Tapi untungnya kehidupan minoritas saya selalu berada dilingkungan yang orang-orangnya bisa berpikiran terbuka, bahkan beberapa ada yang rela selangkangannya terbuka demi sesuap nasi, inikah Indonesia yang kita banggakan?

Saya sempat bersekolah di Malang, tepatnya di SDN Lowokwaru VII, pada waktu itu yang menjabat sebagai kepala sekolah adalah ibu Hj.Rottein, dengan tukang kebun bernama pak Sis, hobby tukang kebun tersebut cukup aneh, suka mengejar anak-anak sambil berusaha menutup hidung anak tersebut dengan tangan bekas ngelap ketiak yang berkeringat. Anak yang sering jadi korban bernama Shandy, cowok tentunya. Ini nyata, kalo ada yang kenal temen SD saya bisa ditanyakan langsung.

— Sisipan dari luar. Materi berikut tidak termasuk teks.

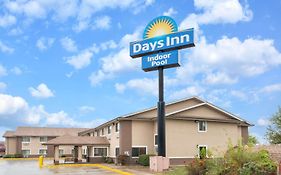 Days Inn By Wyndham Topeka Exterior photo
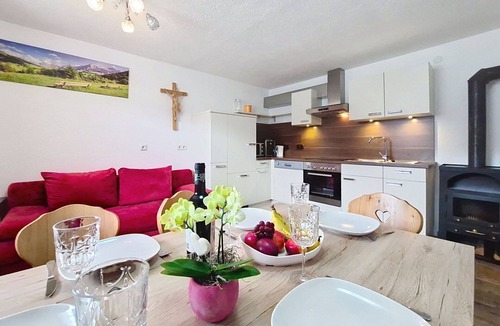 Hippach-Schwendberg Apartment | Cosy apartment for 4 guests with hot tub, WIFI, TV, terrace and pets allowed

Di SD tersebut saya belum mengenal apa itu minoritas dan mayoritas, saya hanya mengenal cara bertahan dengan uang 2000 rupiah dimana harga frutang orange sudah mencapai seribu rupiah pada waktu itu.  Naas.


SD saya termasuk SD yang terpandang dilingkungan sekitar, kebetulan bukan SD alam Gaib, jadi gampang dilihat dan dipandang orang. SD itu terletak di jalan sarangan. Dekat dengan Mitra Dua, Swalayan dimana saya sering beli Ice cone Mc Donald sepulang sekolah dengan harga seribu seratus rupiah sudah termasuk PPN. Saya bangga. Kenapa? Karna dari SD saya sudah turut bayar pajak sendiri.
Teman-teman SD saya cukup friendly dengan kehadiran sesosok mahluk berdarah Bali ini. Namun kepolosan dan keluguan anak SD dan ketidak-tahuan tentang apa itu mayoritas dan minoritas ternyata berakibat sangat buruk.

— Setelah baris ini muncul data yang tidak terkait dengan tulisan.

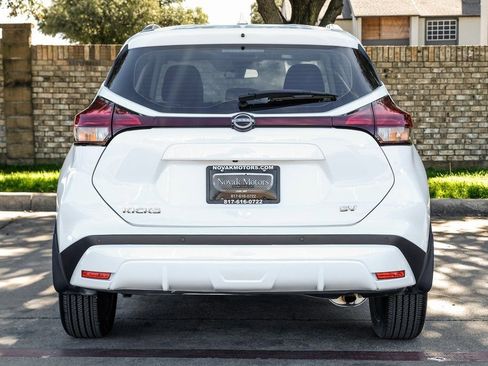 Used 2024 Nissan Kicks SV image 18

Saya punya teman bernama A’an, nama lengkapnya A’an Jing. Hehe. A’an disuatu sore mendatangi rumah saya untuk mengajak saya menghadiri buka bersama di mushola.

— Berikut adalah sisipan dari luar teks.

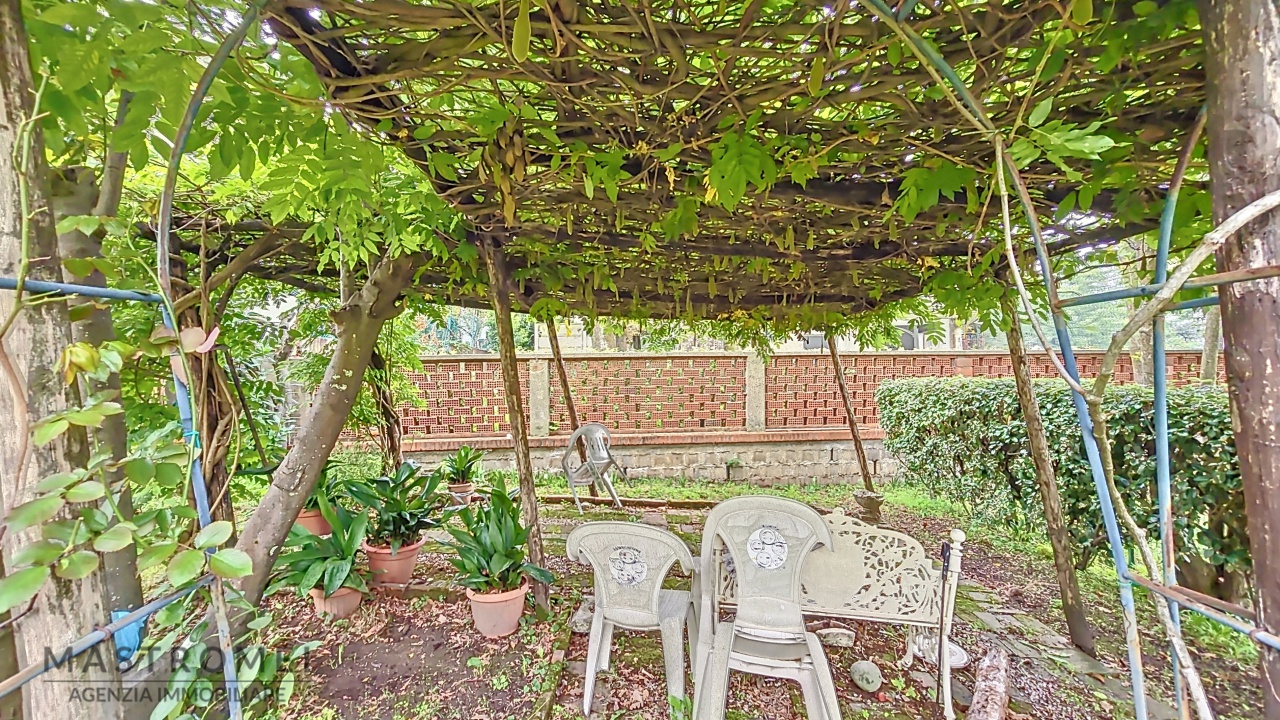 Villa con giardino in via rosselli, Altopascio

A’an       : Maa Ramaaa? (nadanya udah ketebak kan? Dan udah dijadikan Bit oleh Fito)
Rama            : Paa apaaaa? (keluar rumah sambil megang kartu yu gi oh)
 A’an             : Ikut aku ayo, buka bersama di mushola, gratis, makan-makan rame-rame.
 Rama           : Buka bersama? Aku kan gak puasa.
 A’an             : Ikut aja gapapa, makanannya enak.
 Rama           : (tergiur dengan lugunya) Ayo deh, aku pake baju apa?
A’an              : Pokoknya pake sarung, kalo ada peci pake juga, bajunya lengan panjang.
Rama            : Ada, punya Mas Angga (kakak sepupu). Tapi kebesaran.
A’an              : pake aja, yang penting makan-makan! (dengan nada ajakan masuk MLM)
Rama            : Tapi ntar aku jangan ditinggal, aku malu sendiri disana.
A’an              : Iyaa, santai aja, ntar aku temenin trus anter kamu pulang sebelum sholat maghrib. Ayo cepet ganti.
Rama           : Iya deh! (masuk ke rumah sambil kegirangan)

 Akhirnya saya memutuskan memakai sarung kotak-kotak warna biru-langit yang panjangnya hampir sama dengan tinggi badan saya dan sebuah peci yang berhasil menutup dari ujung kepala sampai hidung. Tidak bisa dipungkiri bahwa pada saat itu saya lebih terlihat seperti Manekin anak berkostum dewasa edisi Ramadhan, Cuma bedanya saya bisa ngaceng, ­Manekin engga.

Keluar rumah dengan dandanan yang tidak lazim tentu saja menarik perhatian banyak orang, lalu saya dan A’an pergi ke Mushola dekat rumah yang berjarak hanya sekitar 500 meter. 500 meter terasa amat sangat jauh apabila kalian berjalan dengan kostum seperti itu.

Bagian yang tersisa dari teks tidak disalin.